There are the usual suspects, a National Museum, an art gallery and a theatre. But the best way to discover the city is to simply wander down the Mother Teresa Boulevard, enjoying the city’s youthful energy before heading to one of the many cafes.
Pristina’s buzzing café culture lends itself to leisurely afternoons enjoying a good cup of coffee and people watching. Later in the evening, the leafy streets around the boulevard transform again, with the bars coming alive with music and dancing.
Pristina also shows off one of the more curious aspects of Kosovo: Kosovars’ love towards the United States. From boulevards named after Bill Clinton and George W. Bush to the enormous Clinton statue, affection for Americans is obvious. Thanks to the States’ support of Kosovo’s independence, Americans are welcomed with open arms.
The Jewel of Kosovo
Not to be confused with Pristina, Prizren is the real jewel of Kosovo.
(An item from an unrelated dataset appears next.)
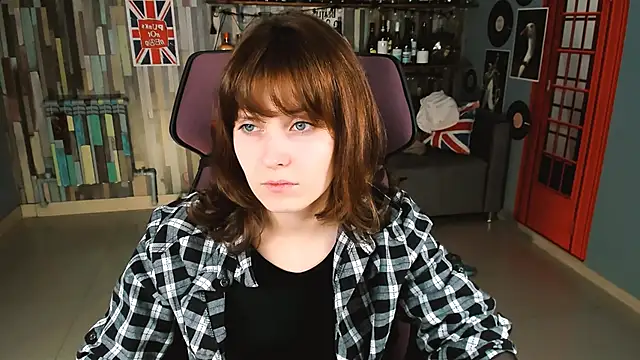 LolaAsmus online show from November 7, 2025, 7:30 am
Prizren has all the elements of a postcard perfect town: a charming historic center with a delightful tangle of cobbled streets and Ottoman architecture, a river complete with a 16th century old stone bridge curling through the middle, and a medieval fortress watching over it all.
Prizren is also home to a surprisingly lively nightlife scene. Surrounding the main square are many restaurants and bars and after dark the streets are flooded with people out for their evening stroll, while still more spill out from bars where live music can be heard.
In summer many music and cultural events take place, the most notable of which is world class international documentary and short film festival, DokuFest.
There are many other towns and villages with buckets of charm and photo opportunities aplenty. But the beautiful countryside of Kosovo is where you will discover the true magic of the country: the hospitality.
Outside of the larger towns you will be welcomed into people’s homes without hesitation. Hospitality is something of a sacred duty and visitors are often amazed by the genuine warmth and kindness of Kosovar people. Don’t be surprised if locals seem a little perplexed at first that you’re there though — they are still getting used to the idea that people want to visit their country.
Aside from the generous cordiality of the Kosovar people, perhaps the best thing about Kosovo is that so much of it remains undiscovered. Gorgeous villages, promising vineyards, and spectacular hiking through Kosovo’s many peaks are all slowly being discovered and mapped by curious visitors.
Soon enough, the secret will be out and the trickle of tourists will become a flood. So if you were wondering when the best time to visit would be, the answer is most definitely as soon as possible.